Tealium has provided tag management for three years; iQ will allow marketers to do more customization on their own, without the need for professional services, according to Ali Behnam, Tealium co-founder.
Users can set rules for tags from different vendors, such as when the tag loads and what data it contains. In essence, according to Behnam, iQ acts as a content management system, managing the content of the tags.
Tealium’s level of customization can serve other business needs as well, Behnam says. For example, a large financial services client of the company uses Tealium iQ to strip out sensitive information such as social security numbers that users of its website might enter into a search box before sending the data to its third-party site analytics vendor.
“There are all these little gotchas, and who would have thought about these? ” Behnam says. “Tealium iQ allows our customers to manage those complexities on their own.”
Tealium’s customers include Cisco Systems, Dreamworks, Advance Auto Parts, Orange, and FingerHut. Behnam says the company’s sweet spot is allowing customers to manage multiple campaigns and tags. One customer manages 70 tags; the average customer manages between 20 and 30.
Tealium competes with Ensighten, TagMan, BrightTag, and SiteTagger. Behnam says his company differentiates itself by the level of customization available, ease of use and analytics integration.

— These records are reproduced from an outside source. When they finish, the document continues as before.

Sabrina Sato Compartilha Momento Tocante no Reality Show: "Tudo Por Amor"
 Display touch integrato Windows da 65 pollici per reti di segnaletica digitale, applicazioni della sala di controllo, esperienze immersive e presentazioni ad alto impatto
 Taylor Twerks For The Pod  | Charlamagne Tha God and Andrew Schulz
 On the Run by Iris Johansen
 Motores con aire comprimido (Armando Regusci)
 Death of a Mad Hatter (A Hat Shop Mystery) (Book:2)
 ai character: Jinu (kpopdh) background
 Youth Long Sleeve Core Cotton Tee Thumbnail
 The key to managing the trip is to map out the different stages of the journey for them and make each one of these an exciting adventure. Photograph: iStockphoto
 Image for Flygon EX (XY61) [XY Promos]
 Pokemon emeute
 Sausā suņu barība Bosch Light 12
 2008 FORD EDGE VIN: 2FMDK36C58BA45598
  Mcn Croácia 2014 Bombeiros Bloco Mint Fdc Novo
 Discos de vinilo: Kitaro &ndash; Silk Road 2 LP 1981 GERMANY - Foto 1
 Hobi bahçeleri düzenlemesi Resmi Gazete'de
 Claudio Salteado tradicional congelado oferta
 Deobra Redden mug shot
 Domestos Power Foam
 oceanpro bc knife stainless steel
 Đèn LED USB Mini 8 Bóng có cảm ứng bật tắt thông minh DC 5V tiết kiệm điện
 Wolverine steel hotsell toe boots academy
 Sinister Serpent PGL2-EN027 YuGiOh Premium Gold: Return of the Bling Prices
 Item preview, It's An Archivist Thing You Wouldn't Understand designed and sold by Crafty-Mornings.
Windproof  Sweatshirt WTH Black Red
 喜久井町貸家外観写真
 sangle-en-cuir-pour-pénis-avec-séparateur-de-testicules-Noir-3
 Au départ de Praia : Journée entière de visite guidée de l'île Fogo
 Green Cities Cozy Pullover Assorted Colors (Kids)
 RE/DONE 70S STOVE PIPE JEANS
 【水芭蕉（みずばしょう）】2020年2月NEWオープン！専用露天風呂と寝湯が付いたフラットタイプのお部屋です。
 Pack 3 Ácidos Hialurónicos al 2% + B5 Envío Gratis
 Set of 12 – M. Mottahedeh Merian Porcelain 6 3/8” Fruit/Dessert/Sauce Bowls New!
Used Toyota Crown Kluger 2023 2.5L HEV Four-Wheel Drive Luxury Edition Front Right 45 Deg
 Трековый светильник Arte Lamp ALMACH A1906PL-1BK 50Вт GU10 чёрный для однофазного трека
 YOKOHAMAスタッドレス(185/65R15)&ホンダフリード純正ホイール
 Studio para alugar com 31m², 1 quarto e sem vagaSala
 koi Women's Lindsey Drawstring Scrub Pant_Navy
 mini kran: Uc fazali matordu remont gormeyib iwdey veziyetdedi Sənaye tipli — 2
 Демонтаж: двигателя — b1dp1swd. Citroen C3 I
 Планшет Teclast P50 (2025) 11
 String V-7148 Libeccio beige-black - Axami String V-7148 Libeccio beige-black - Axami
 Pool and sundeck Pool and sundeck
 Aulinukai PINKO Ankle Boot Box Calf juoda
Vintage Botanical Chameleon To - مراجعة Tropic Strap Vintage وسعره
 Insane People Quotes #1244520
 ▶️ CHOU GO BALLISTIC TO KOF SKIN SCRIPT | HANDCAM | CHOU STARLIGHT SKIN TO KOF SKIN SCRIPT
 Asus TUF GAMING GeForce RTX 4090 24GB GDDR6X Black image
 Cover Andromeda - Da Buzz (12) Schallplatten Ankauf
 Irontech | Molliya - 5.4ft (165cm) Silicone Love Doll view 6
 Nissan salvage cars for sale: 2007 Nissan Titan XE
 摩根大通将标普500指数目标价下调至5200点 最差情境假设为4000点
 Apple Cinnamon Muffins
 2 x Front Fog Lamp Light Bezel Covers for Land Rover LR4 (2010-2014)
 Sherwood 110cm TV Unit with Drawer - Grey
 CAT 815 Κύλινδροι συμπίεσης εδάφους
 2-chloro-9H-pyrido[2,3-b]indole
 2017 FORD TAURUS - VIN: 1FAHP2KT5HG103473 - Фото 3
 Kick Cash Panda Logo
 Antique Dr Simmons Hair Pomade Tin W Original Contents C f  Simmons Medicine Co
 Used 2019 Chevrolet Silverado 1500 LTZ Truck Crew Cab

In a 2010 report, Forrester analyst Joe Stanhope wrote that the battle to implement and maintain tags puts marketing, measurement, and site effectiveness at risk. He also noted that IT departments struggle to keep up with requests to change and manage tags. Stanhope wrote that tag management systems are the most viable option for enterprises.
The larger and more complex the website, the bigger the problem, according to Behnam. Marketing campaigns don’t follow standard release cycles.